After the proposal was announced, Google, Facebook and other companies said they might pull out of Hong Kong to protect their workers from prosecution under the amended law.
First proposed in May, the amendment calls for fines of up to HK$1 million (US$128,738) and up to five years in prison for posting another person’s personal data on social media, also known as “doxxing.”
The government said that the amendment would increase the scope of the ordinance and impose higher fines.
Tzeng wrote in an article on the institute’s Web site that the amendment is aimed at achieving social stability through the suppression of dissent and is similar to laws in mainland China.
The amendment comes amid efforts by democracy advocates to release the personal information of Hong Kong police officers, pro-Beijing politicians and other civil servants who played a role in the suppression of 2019 protests against a proposed extradition law, Tzeng said.
These efforts included posting license plate numbers of police officers’ private vehicles.
“However, the Hong Kong government has already changed the system for looking up license plates.
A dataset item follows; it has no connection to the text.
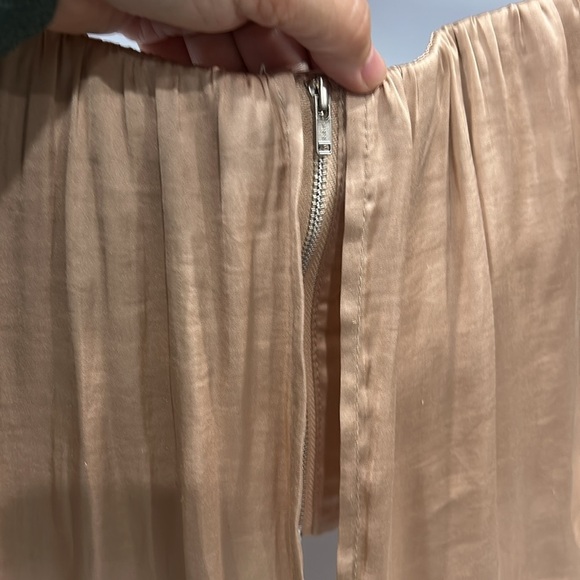 Revolve Bardot Caught Sleeve Off Shoulder Satin Bustier Top in Pebble - 4 - Picture 10 of 15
If reporters try to access it, it will report false information,” Tzeng said. “It’s set up as a legal trap.”
During the 2019 demonstrations, democracy protesters also doxed Chinese social media users, he said, adding that the information included bank accounts, high-school entrance exam scores and other personal information.
“They even doxxed Chinese officials who had for a year worked in Hong Kong on the implementation of the National Security Law,” he said.
The doxxing of Chinese officials in Hong Kong played a role in the announcement of the amendment ahead of the 100th anniversary of the Chinese Communist Party, he said, adding that the government wanted to appear tough on the issue by making doxxing a criminal offense.
“The criminal nature of doxxing under the amendment was also intended to motivate tech companies to censor and remove such posts on their own,” he said. “Now, even if dissidents have the ability to doxx people, there is nowhere to publish the doxxed documents.”